## TASK STATEMENT
Would you output the lines from the one containing "Столичные экологи подготовили" through the final line of the entries, exactly and with pictures omitted?

## DATA LISTING
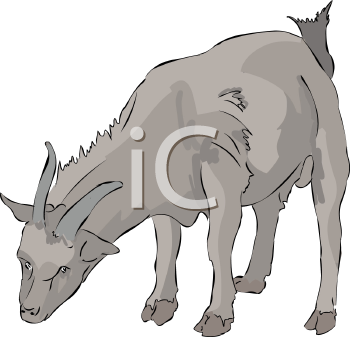 Farm Animal Clipart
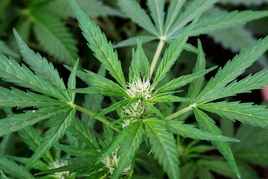 Legalisierung von Cannabis: Eltern besorgt um ihre Kinder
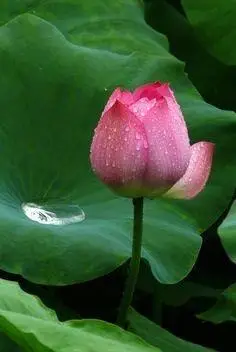 佛说,只要心存一池净水,心有一株妙法莲花,美好就会一派娇娆.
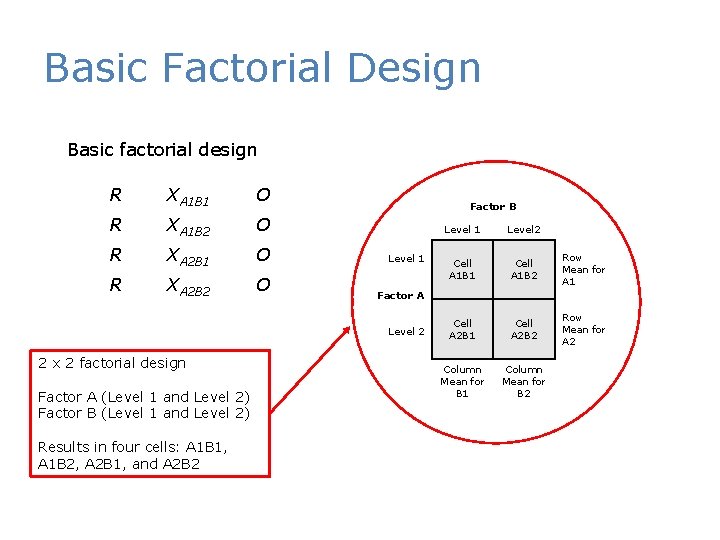 Basic Factorial Design Basic factorial design R XA 1 B 1 O R XA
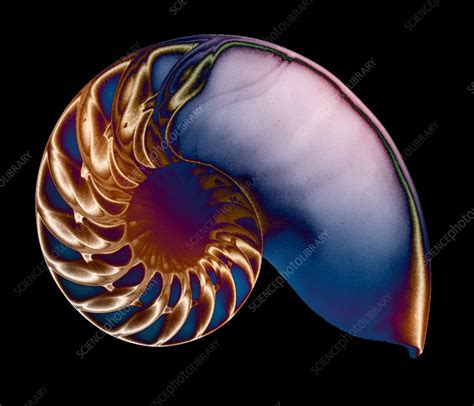 Image result for Nautilus Shell Matrix Multiplication by Vector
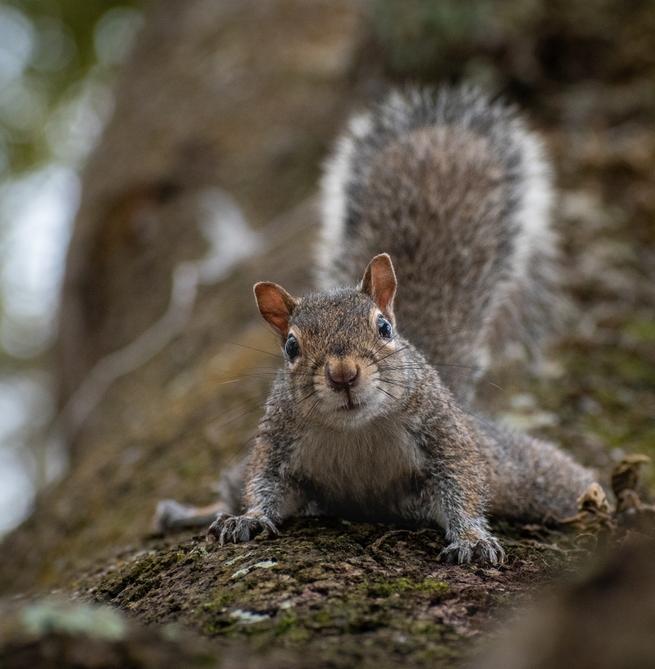 Столичные экологи подготовили гайд по следам зверей в парках Москвы 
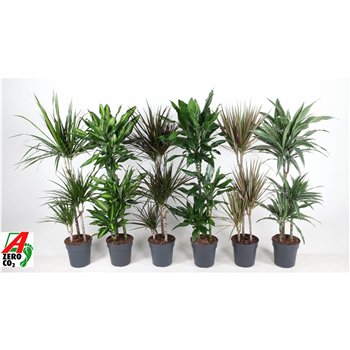 Dracena mixkar Mix 60-30-15 3 pp 110cm 21cm Q2363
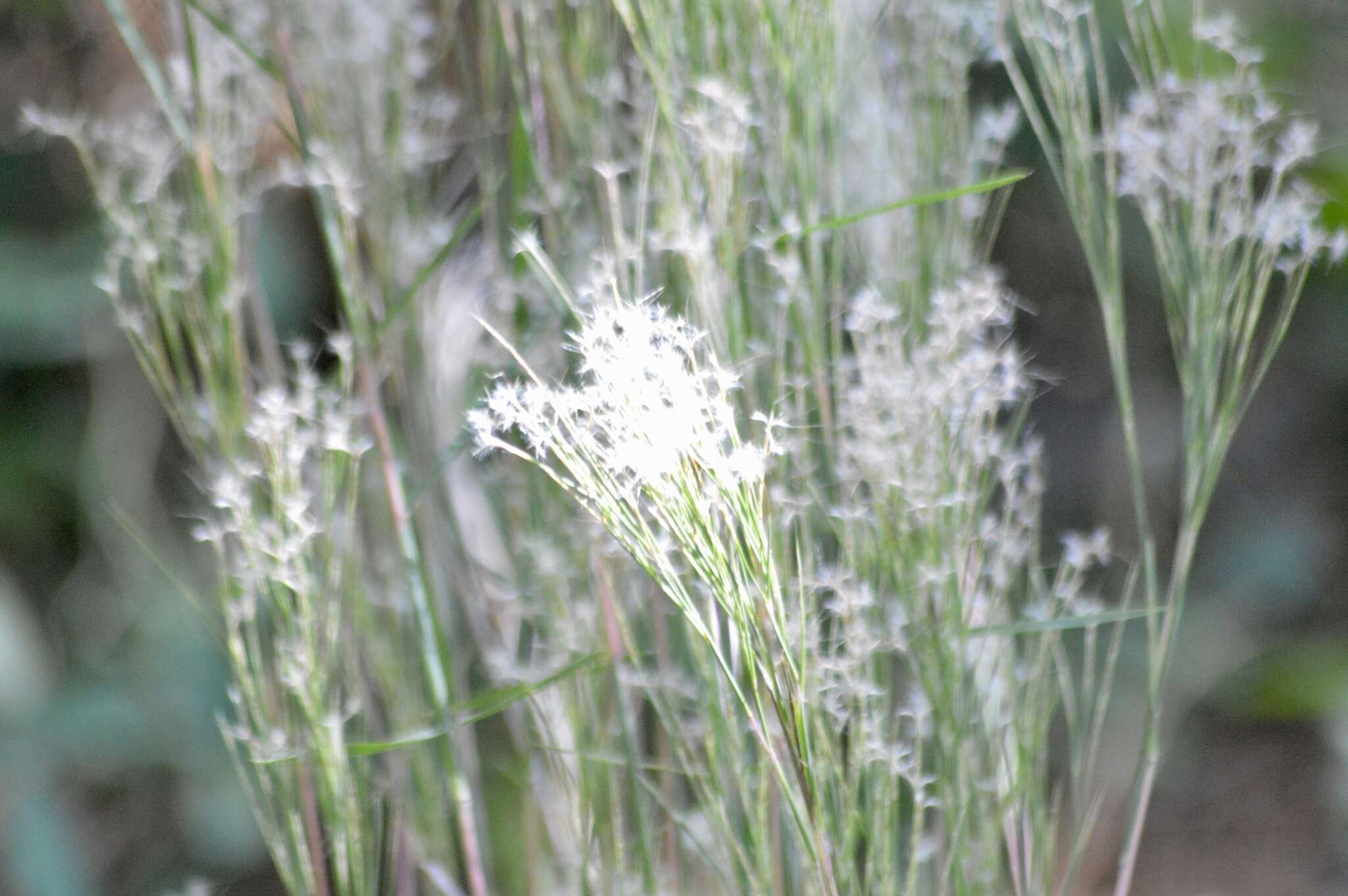 Image of Schizachyrium microstachyum (Desv.) Roseng., B. R. Arrill. & Izag.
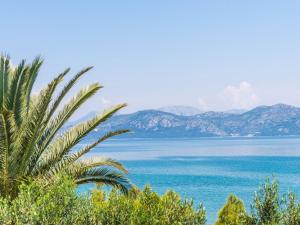 Apartments Glavor - Standard Studio Apartment with Terrace and Sea View SA2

## ANSWER TO THIS PROBLEM
 Столичные экологи подготовили гайд по следам зверей в парках Москвы 
 Dracena mixkar Mix 60-30-15 3 pp 110cm 21cm Q2363
 Image of Schizachyrium microstachyum (Desv.) Roseng., B. R. Arrill. & Izag.
 Apartments Glavor - Standard Studio Apartment with Terrace and Sea View SA2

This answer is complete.